Material for the task =>
= = =
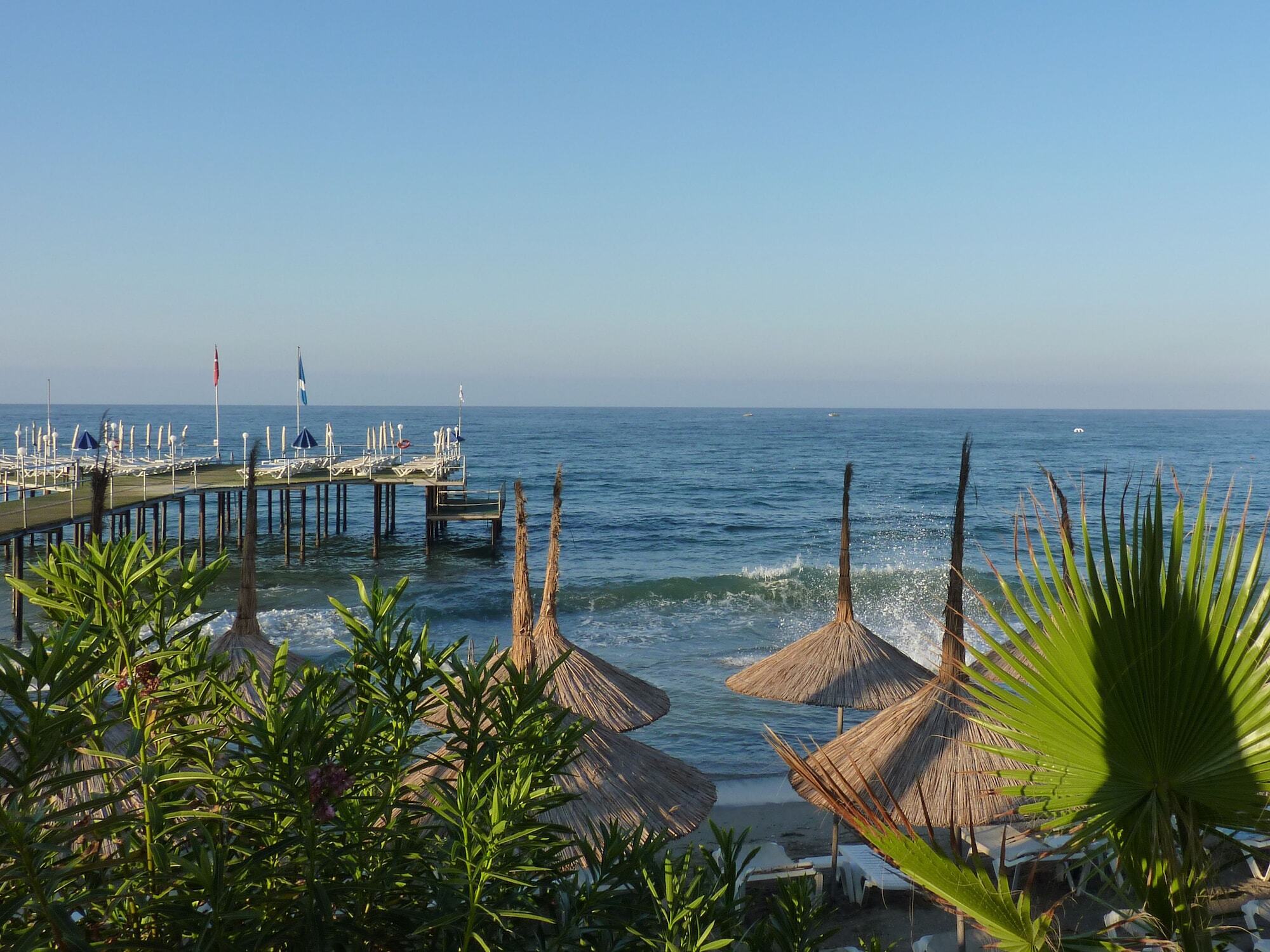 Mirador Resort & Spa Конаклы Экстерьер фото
= = =
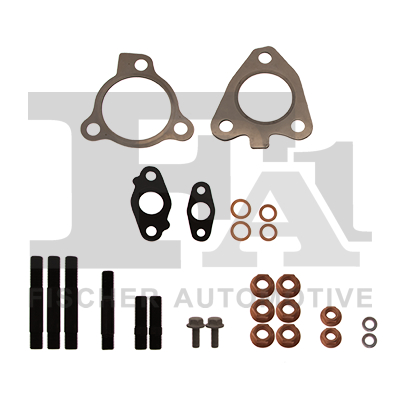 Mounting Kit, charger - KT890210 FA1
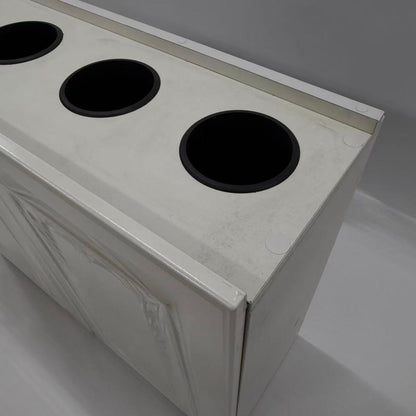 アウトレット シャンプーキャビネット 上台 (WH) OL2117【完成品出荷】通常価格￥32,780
= = =
Work to complete => Within the entries above, give again exactly the lines starting at the one that contains "Mounting Kit, charger - KT890210 FA1" and ending at the one that contains "アウトレット シャンプーキャビネット 上台", leaving out the pictures.

Solved problem =>
 Mounting Kit, charger - KT890210 FA1
 アウトレット シャンプーキャビネット 上台 (WH) OL2117【完成品出荷】通常価格￥32,780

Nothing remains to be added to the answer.